San Diegans’ water and sewer rates would rise 37% over the next five years to pay part of the cost of the city’s proposed $2.8-billion sewage treatment system and improve water quality under a plan released by City Manager John Lockwood Monday.

Developers--and, eventually, new home buyers--would absorb a far larger increase of 123% in the fees they pay to hook up a home to the city’s water and sewer systems over the same period, according to the proposal, which would take effect July 1 if approved by the City Council.

The new rate schedule would, for the first time, provide single-family homeowners with incentives to conserve water by replacing the existing flat-rate system of sewer fees with rates based on actual water use. In addition, the existing two-tiered water pricing structure would be expanded to three tiers in order to penalize major water users with higher prices.

Advertisement

“If you contribute less water to the sewer system, you will pay less for sewage,” said Milon Mills, assistant water utilities director.

Lockwood also is proposing discount water and sewer rates for poor and fixed-income, single-family homeowners.

On average, however, monthly sewer bills for single family homeowners would rise from $17.12 today to $24.41 on July 1, 1995, and water bills would increase from the current $16.80 to $22.07 a little more than five years from now. The total monthly charge would jump from $33.92 to $46.48 monthly, an increase of 37%.

The first of a series of annual 6% increases in the sewer rates would take effect July 1, if the council approves Lockwood’s recommendations. Water rates for the average user would decline slightly before rising at a 6% annual rate.

Last June, the council raised monthly sewer fees from $13.52 to the current $17.12. A year before that, the council increased sewer fees by $3.12, up from $10.40 monthly.
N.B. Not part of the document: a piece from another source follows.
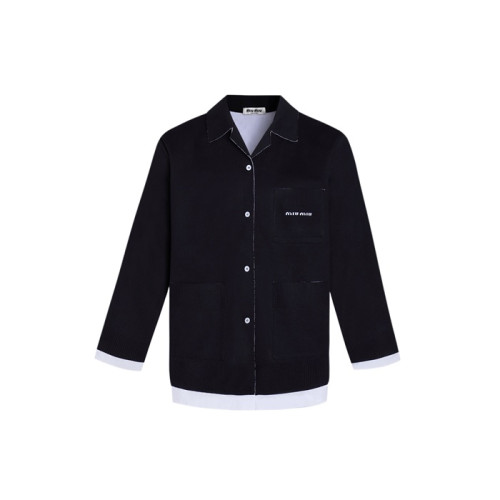 미우미우 남성 브이넥 가디건 - Miumiu Mens V-neck Cardigan - mic8168x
Owners of multifamily units will be hit with a one-time sewage rate increase that could be as much as 35.5% July 1, to bring the city’s rate structure in compliance with State Water Resources Control Board rate-setting guidelines. For the same reason, some owners of commercial and industrial buildings may see their rates slashed as much as 19.9%.

Advertisement

The increases over the next five years are smaller than expected because the city’s Water Utilities Department also is asking for authority to borrow money to build the sewage and water treatment systems. To date, the department has financed construction by collecting large amounts of cash before construction, resulting in sharper yearly increases, said Deputy City Manager Roger Frauenfelder.

The so-called “debt financing” requested by the department would spread out increases over a longer time. Frauenfelder said the city’s 1.1 million water and sewer users can expect 6% annual rate increases, at least through 2000.

But Councilman Bruce Henderson, chief council critic of the $2.8-billion sewage treatment project, said sewer rates are already too high for many people and worried that rates will jump after 1995.

“My concern is that there is a big hit after ’95 because I haven’t seen the numbers,” Henderson said.

The sewer fee increases will be spent on the $2.8-billion upgrading of the city’s sewage treatment system to the standard required by the federal Clean Water Act, a mammoth public works project that will cost about $6 billion when financing costs are factored in. The U.S. Environmental Protection Agency sued the city in 1988 to force compliance with the law, settling out of court with the city in January.

The increases in the water bill will pay for upgraded water treatment required by the federal Safe Drinking Water Act and some expansion of the city’s water pipeline system.

Advertisement

Meanwhile, developers, who last year saw the council raise water hookup fees 160% and sewer connection charges 95%, effective immediately, will bear an additional 150% increase in the water fee and a 120% price rise in the sewer charge over the next five years.

The water hookup fee, now at $1,701 per home, would rise to $4,252 by July 1, 1995. The sewer connection charge, now $3,332, would jump to $7,348.

The proposal comes during what could prove to be a black week in the history of the city’s development industry: on Thursday, the council is scheduled to debate the imposition of huge fees on new development that could generate $1 billion over the next 20 years.

Julie Dillon, president of the Building Industry Assn., said the impact fees scheduled for debate Thursday, and others being considered by the San Diego Assn. of Governments will push the total fees assessed on many new single-family homes over $20,000 each. Those, and the water and sewer hookup fees recommended Monday, will be passed on to buyers, making housing even less affordable than it is today, she said.

“This is just simply going to prevent people from being able to buy houses, even in in-fill areas,” Dillon said. “We all know you can’t build a house with a fee of $16,000 on it and still sell it in a price range that people can afford.”

But Frauenfelder responded that the fees represent developers’ “fair share” of growth costs as calculated by the Water Utilities Department.

Advertisement

“That’s been the problem with the system,” said Mayor Maureen O’Connor. “The developers haven’t been paying their fair share.”